### BRIEF
Return the following from the records below: each line, word for word, starting with the line that contains "Used Nissan Sylphy" and going on through the line that contains "Han Kjobenhavn - Camiseta", with nothing outside that range.

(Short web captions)
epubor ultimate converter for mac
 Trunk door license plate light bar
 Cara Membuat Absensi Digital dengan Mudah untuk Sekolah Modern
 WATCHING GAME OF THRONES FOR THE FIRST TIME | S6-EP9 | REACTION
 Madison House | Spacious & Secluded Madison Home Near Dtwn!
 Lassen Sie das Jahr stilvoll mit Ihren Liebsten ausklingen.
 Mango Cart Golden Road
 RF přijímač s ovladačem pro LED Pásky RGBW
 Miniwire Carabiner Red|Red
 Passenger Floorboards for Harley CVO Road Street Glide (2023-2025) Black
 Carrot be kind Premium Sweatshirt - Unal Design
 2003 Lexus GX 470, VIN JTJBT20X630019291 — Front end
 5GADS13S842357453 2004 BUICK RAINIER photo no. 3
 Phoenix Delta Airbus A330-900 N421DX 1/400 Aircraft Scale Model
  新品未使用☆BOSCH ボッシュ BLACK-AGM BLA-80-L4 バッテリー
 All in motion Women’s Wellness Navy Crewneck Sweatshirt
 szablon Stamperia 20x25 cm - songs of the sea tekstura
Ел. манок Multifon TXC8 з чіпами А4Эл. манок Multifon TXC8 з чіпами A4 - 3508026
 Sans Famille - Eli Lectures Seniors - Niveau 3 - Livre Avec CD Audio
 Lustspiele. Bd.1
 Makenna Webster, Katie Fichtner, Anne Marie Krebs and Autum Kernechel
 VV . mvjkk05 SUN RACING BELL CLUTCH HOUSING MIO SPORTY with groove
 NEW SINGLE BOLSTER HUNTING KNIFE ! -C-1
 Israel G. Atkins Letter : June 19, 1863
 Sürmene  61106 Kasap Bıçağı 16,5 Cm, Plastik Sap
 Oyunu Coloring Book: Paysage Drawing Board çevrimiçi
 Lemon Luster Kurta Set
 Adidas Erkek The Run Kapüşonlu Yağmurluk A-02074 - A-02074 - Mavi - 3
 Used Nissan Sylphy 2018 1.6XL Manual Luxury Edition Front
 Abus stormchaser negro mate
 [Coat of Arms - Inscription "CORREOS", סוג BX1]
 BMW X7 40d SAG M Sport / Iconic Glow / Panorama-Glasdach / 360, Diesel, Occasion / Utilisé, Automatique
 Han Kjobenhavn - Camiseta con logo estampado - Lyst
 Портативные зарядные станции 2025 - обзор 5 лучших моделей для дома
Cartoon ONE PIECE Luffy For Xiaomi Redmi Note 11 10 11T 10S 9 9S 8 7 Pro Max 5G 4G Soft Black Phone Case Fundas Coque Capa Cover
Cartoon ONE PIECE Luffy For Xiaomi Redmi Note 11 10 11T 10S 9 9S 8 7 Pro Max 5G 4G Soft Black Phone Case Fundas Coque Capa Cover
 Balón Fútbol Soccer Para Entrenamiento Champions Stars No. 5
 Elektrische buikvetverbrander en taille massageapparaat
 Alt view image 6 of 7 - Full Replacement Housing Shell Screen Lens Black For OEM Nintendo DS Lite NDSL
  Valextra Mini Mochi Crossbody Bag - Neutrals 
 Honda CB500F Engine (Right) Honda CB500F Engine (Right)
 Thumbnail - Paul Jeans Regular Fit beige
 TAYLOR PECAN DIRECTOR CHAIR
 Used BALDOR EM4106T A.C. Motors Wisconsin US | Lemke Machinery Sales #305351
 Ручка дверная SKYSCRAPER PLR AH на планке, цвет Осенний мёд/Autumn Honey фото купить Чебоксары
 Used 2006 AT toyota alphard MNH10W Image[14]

### SOLUTION TO THE PROBLEM
 Used Nissan Sylphy 2018 1.6XL Manual Luxury Edition Front
 Abus stormchaser negro mate
 [Coat of Arms - Inscription "CORREOS", סוג BX1]
 BMW X7 40d SAG M Sport / Iconic Glow / Panorama-Glasdach / 360, Diesel, Occasion / Utilisé, Automatique
 Han Kjobenhavn - Camiseta con logo estampado - Lyst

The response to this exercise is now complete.